I was considering buying something like heavy canvas, or maybe even Denim and gluing it on the inside with some E6000?

Google lead me to some stuff called "Tear Aid" but there are two different types, one is for PVC and the other for fabric:

http://www.westmarine.com/buy/tear-...d-inflatable-repair-patches--P010_302_004_500

Is this good stuff? Amazon reviews seem pretty positive about it. If the pontoon is pvc on the outside, polyester on the inside, should I use both types, one on the inside and one on the outside? If I only put the patch on the outside it would adhere to the exposed portion of the bladder which would be bad.

Any other patch repair kits I should consider? Stick some Gorilla Tape on the inside and outside and call it good?? I need to order something ASAP to get it here before our upcoming trip.

-DallanC


----------



## Lonetree (Dec 4, 2010)

http://www.rshughes.com/p/Loctite-H...0-Psi-Tensile-Strength-2761-Psi/079340_29460/


----------



## DallanC (Jan 13, 2009)

Lonetree said:


> http://www.rshughes.com/p/Loctite-H...0-Psi-Tensile-Strength-2761-Psi/079340_29460/


Ok thats cool stuff! I love loctite and JBWeld... I think what I'm going to do is stick a big piece of Gorilla tape on the inside, that will leave a backing for the Loctite to fill in... and once cured, I'll stick another big piece of gorilla tape over it on the outside.

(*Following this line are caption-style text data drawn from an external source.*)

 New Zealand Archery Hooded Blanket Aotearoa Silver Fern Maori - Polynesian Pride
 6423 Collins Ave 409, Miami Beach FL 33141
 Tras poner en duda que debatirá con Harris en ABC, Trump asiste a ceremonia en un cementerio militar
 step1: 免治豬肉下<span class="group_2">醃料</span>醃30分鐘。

Really this is just for abrasion prevention where the bladder is visible so this will work great, thanks! I'll goggle around to see what local stores carry it.

-DallanC


----------



## Lonetree (Dec 4, 2010)

Its industrial, you can't get it at the hardware store. rshughes and Mcmaster-Carr are the two places I get it from. It is setup for a gun, and mixing tip. But they are not have to have items. It is really tough stuff, and gets used for the repair of rafts.


----------



## GaryFish (Sep 7, 2007)

Bicycle tube and some barge cement. Not any different than patching a rubber raft.


----------